Page 2 of 2
Re: Implementing keyword comparison scheme (reverse search)
Posted: Sat Jan 10, 2009 2:01 pm
by jason.carter
Also to add to this.
Keyword search and indexing:
Excellent open source tool - Lucene Apache Solr.
Zend framework also now has a Lucene implementation in PHP
Re: Implementing keyword comparison scheme (reverse search)
Posted: Sun Jan 25, 2009 6:38 am
by josh
What you're going to want to do is identify commonly occuring "sub patterns" / features and perform the checking on those aggregrate features, only doing checks on the keyword level as a fallback
Re: Implementing keyword comparison scheme (reverse search)
Posted: Sun Jan 25, 2009 7:49 am
by Eran
I have no idea what you just said

But I already finished that project, successfully.
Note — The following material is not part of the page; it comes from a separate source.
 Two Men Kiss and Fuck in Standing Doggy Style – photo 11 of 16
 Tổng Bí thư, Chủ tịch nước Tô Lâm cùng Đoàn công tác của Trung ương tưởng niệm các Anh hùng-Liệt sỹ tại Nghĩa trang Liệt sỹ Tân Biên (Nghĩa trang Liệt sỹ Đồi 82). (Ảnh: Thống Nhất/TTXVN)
My initial approach worked very well and I added some additional language specific filters which were easy to work with.
Re: Implementing keyword comparison scheme (reverse search)
Posted: Sun Jan 25, 2009 11:54 am
by josh
Cool, I meant if your word database was particularly large ( millions of records ) you would basically create another table that kept track of "features", then instead of checking each word individually ( which has a high asymptotic complexity ), you'd search for patterns of words, which would arguably be more contextually accurate, too.. But I'm all for keeping it simple and it sounds like this would have been overkill.
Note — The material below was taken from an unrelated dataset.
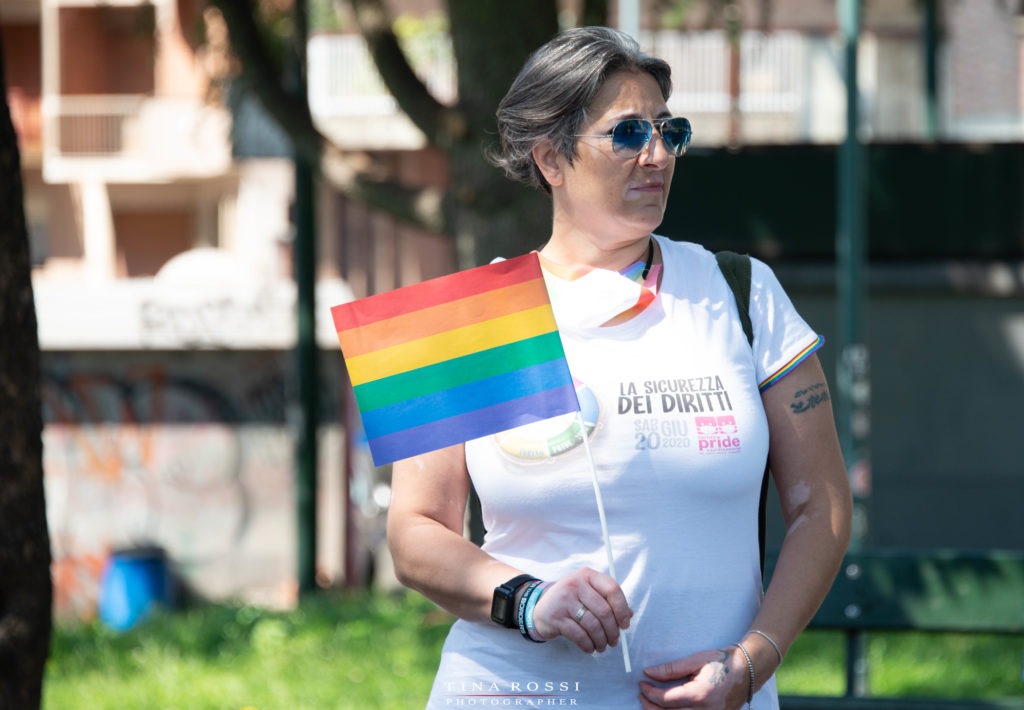 Giziana Vetrano con bandierina colorata in mano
Re: Implementing keyword comparison scheme (reverse search)
Posted: Sun Jan 25, 2009 11:57 am
by Eran
ah I see what you meant now. At some point in the future we'll probably implement some sort of advanced word filter based on statistics and common combination, but for now it works well.
Re: Implementing keyword comparison scheme (reverse search)
Posted: Sun Jan 25, 2009 1:00 pm
by josh
Yep. then word stemming. Then comes first order logic and knowledge representation / reduction & induction, then there's combinatorial morphology, word & sentence heads. Noun phrases, verb phrases, and noun and verb bars, Then comes grammar tracing..
Eg "what did george put in the garage?" is "traced" syntactically by our brains to "[trace] george put what in the garage" ( see verbs require "arguments", and then humans come along and morph the rules to better suit our needs, which makes the algorithms much more complex ). If you're interested check out Noam Chomsky, the father of linguistics.